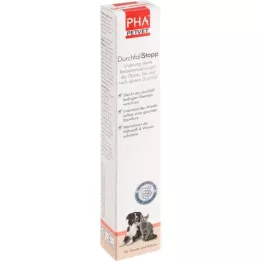 PHA DiarrhoeaStop Paste para cães, 15 ml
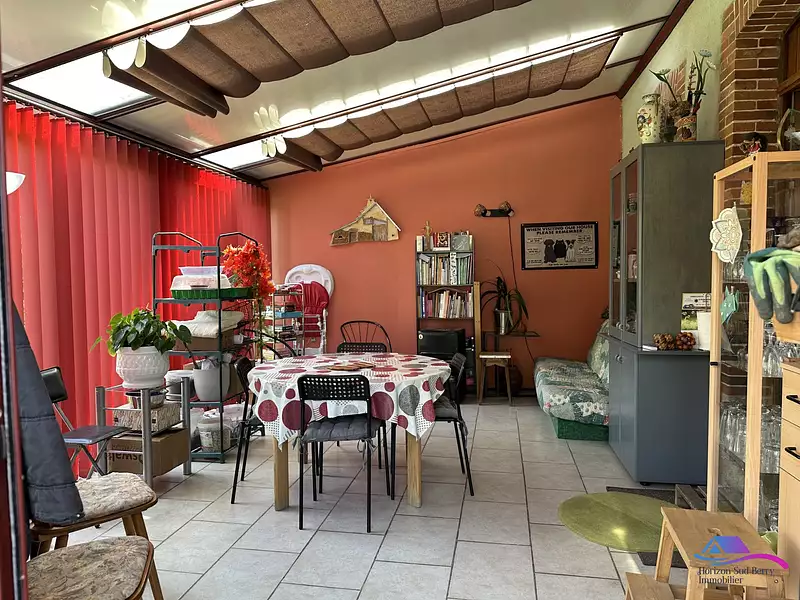 Maison, 98 m²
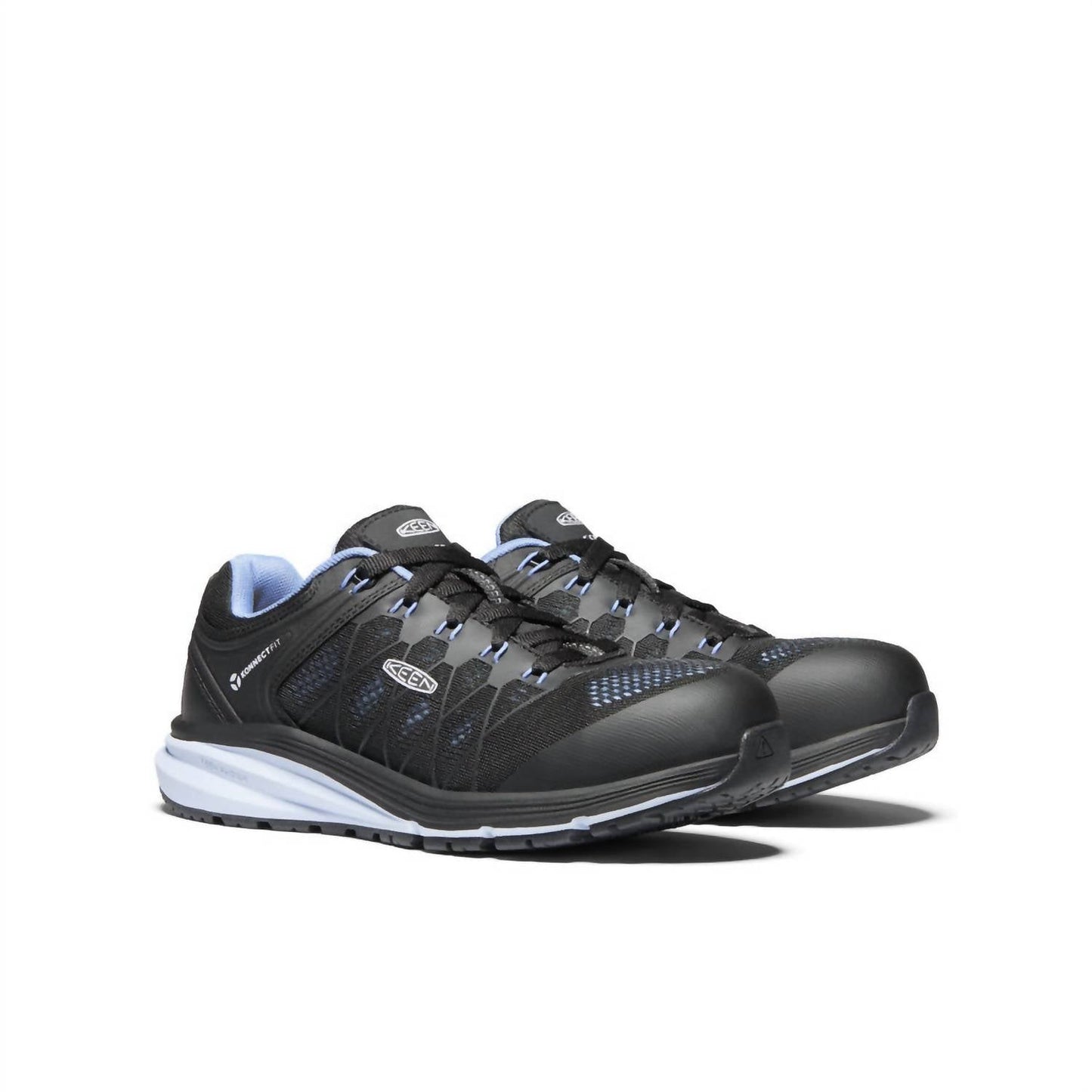 Keen - Women's Vista Energy Electro Static Dissipative Sneakers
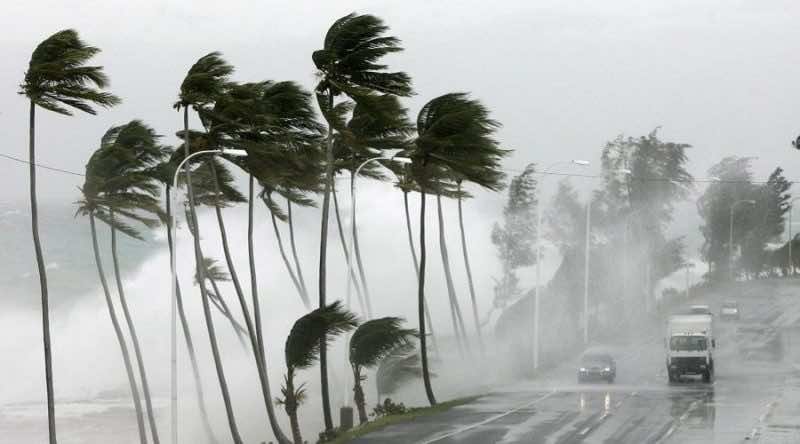 نشرة إنذارية: أمطار قوية مرتقبة اليوم وغدا بعدة مناطق المملكة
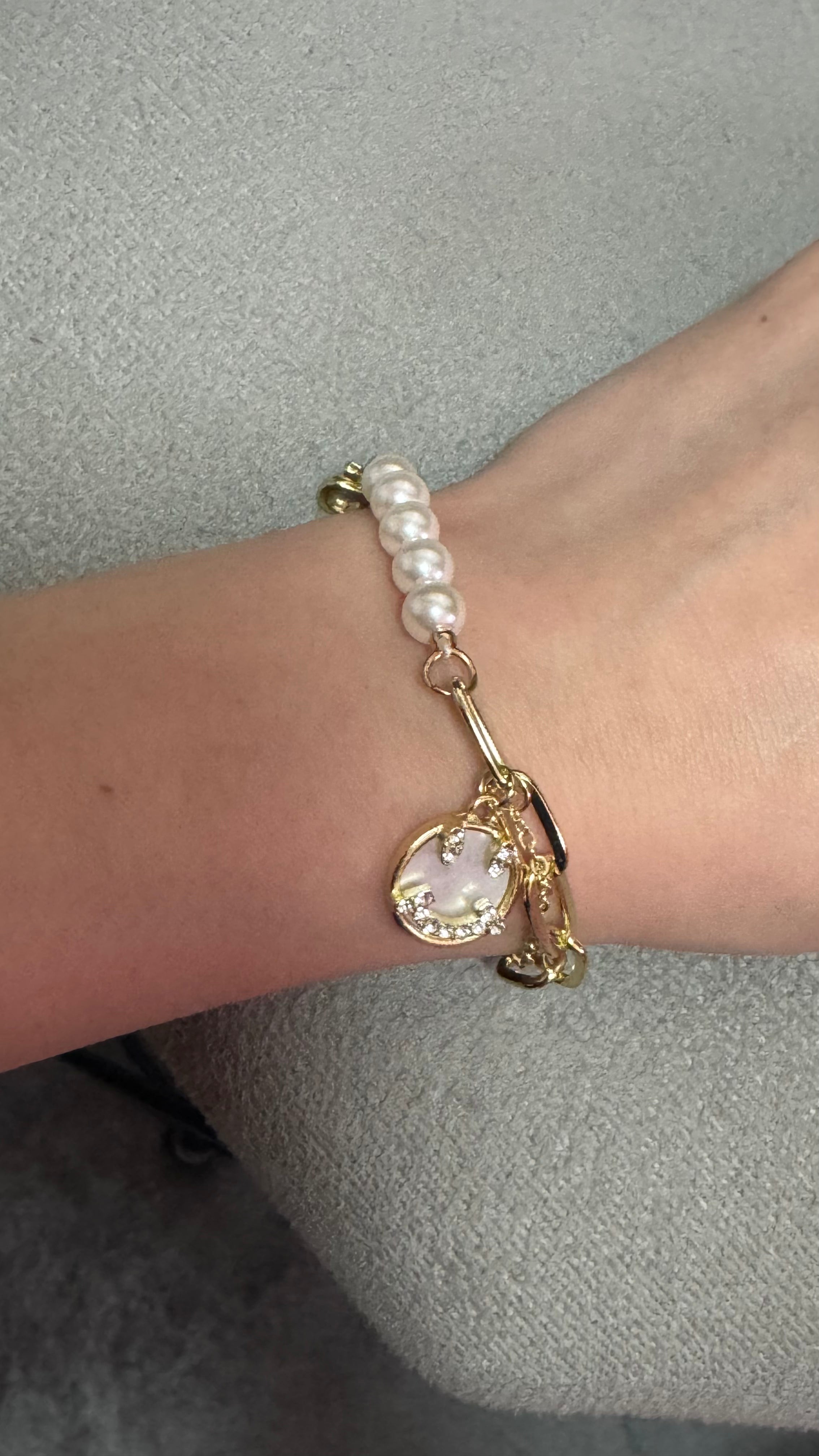 Fashion Lucky Bracelet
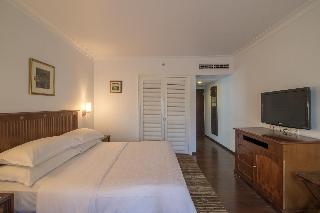 Sheraton Senggigi Beach fotoÄŸrafÄ±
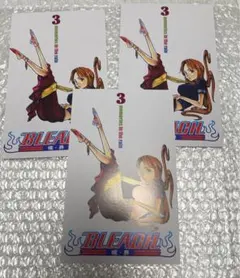 2025年最新】ブリーチ井上織姫の人気アイテム - メルカリ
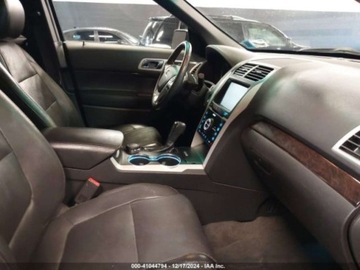 Ford Explorer V 3.5 V6 Duratec 290KM 2015 Ford Explorer 2015 Ford Explorer 4WD 4dr Limited 3.5 Benzyna 290KM, zdjęcie 11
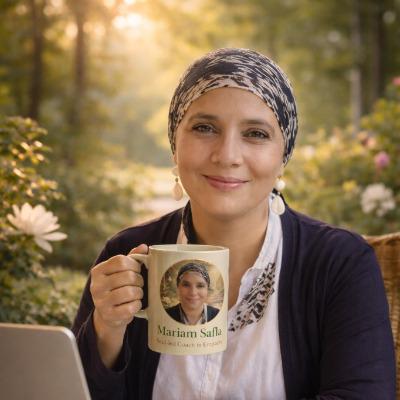 Mariam Safla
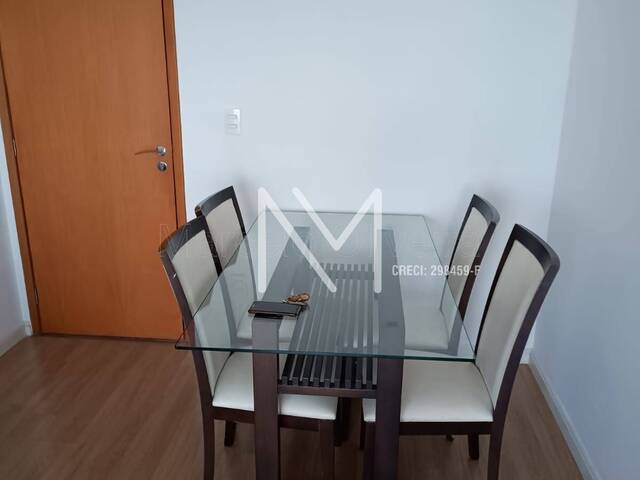 Apartamento para Venda em São José dos Campos - 5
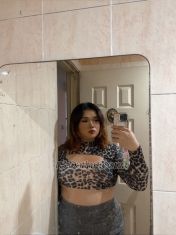 rikafox Ipoh Transex 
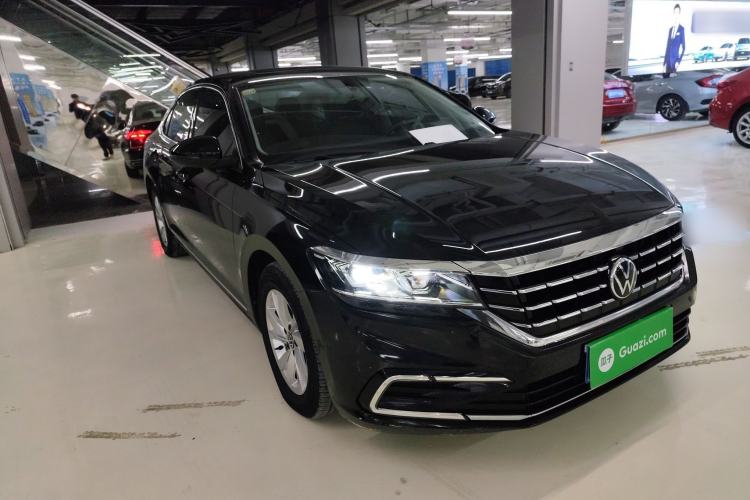 Used Volkswagen Passat 2021 280TSI Business Edition
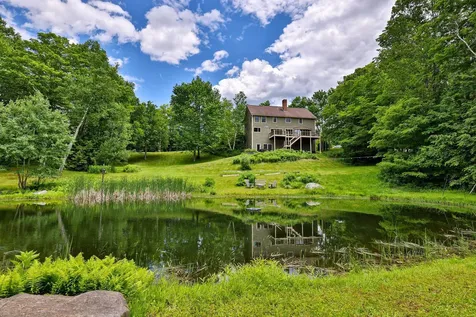 39 Wallis View Lane Ludlow VT 05149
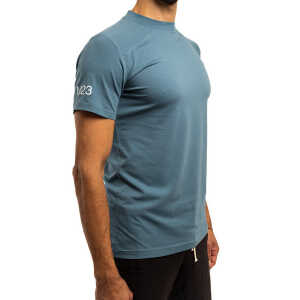 M23 Herren T-Shirt aus Bio-Baumwolle, Modell “Ben”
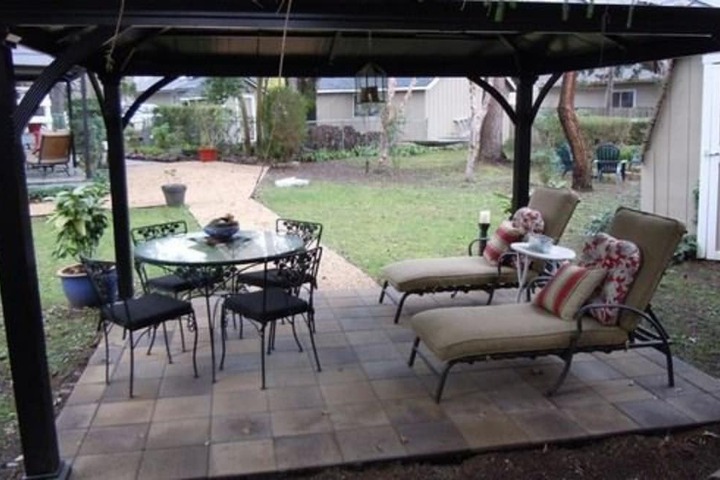Terrace/Patio 19 of 21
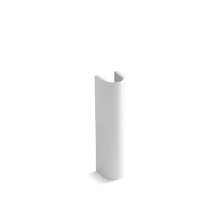 Kohler 5246-0 - Veer® Pedestal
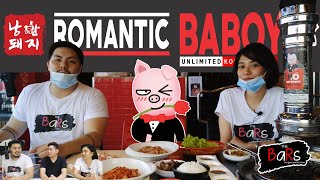 BaRS Ep. 12 - Romantic Baboy (Davao)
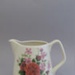 Jug - floral; Titian Potteries (1965) Limited; 1971-1981; 2015.24.47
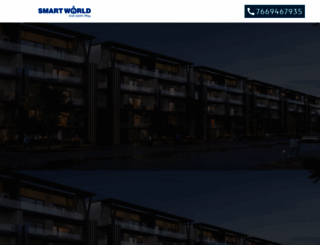 smartworlddeveloper.in screenshot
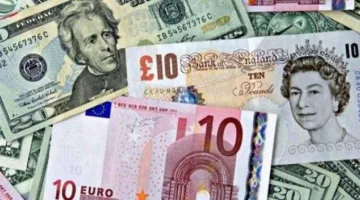 أسعار العملات الأساسية في البنوك اليوم الخميس 10 يوليو 2025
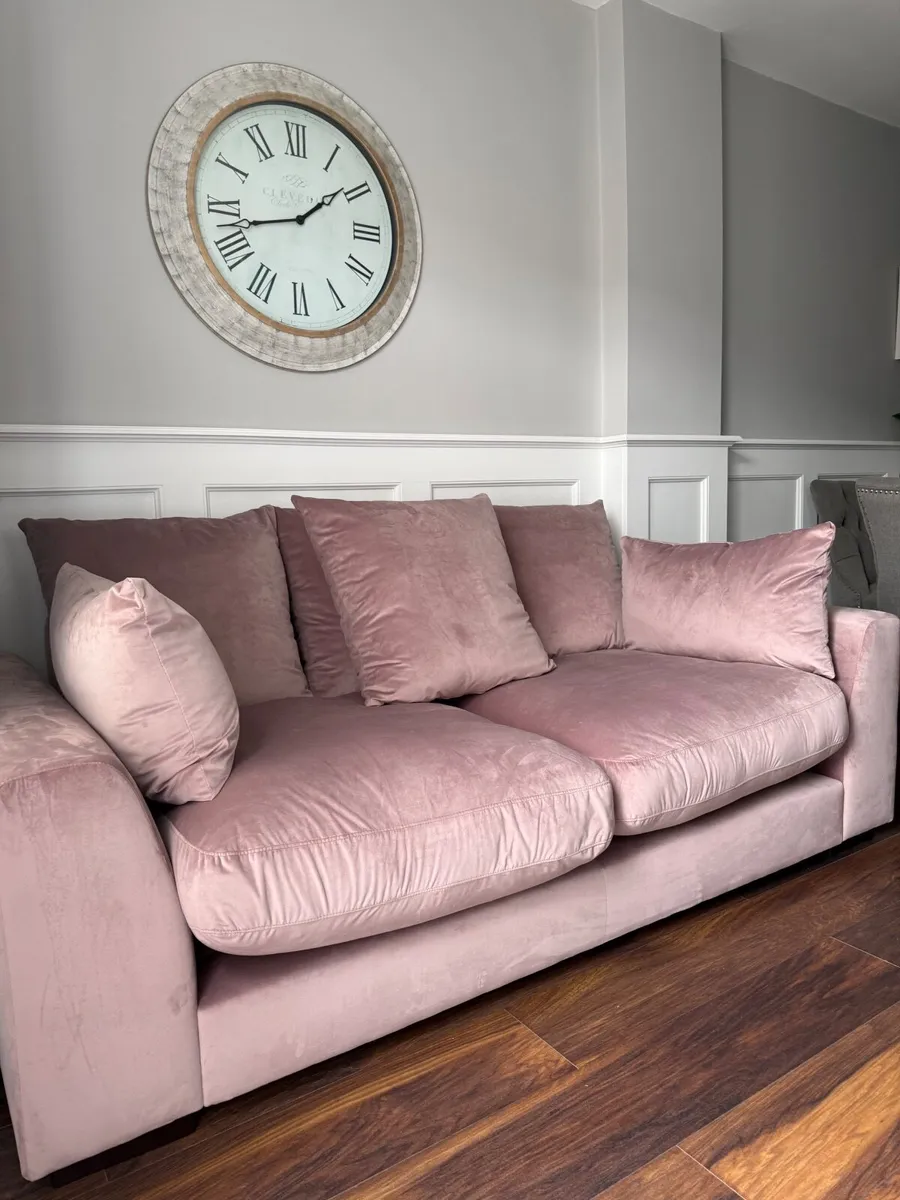 Sofa 2 Seat - Image 3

**Work to be completed:**
Copy nothing but the lines from the line holding "smartworlddeveloper.in screenshot" through the last line of the entries, exactly, while leaving out the pictures.

**Reply:**
 smartworlddeveloper.in screenshot
 أسعار العملات الأساسية في البنوك اليوم الخميس 10 يوليو 2025
 Sofa 2 Seat - Image 3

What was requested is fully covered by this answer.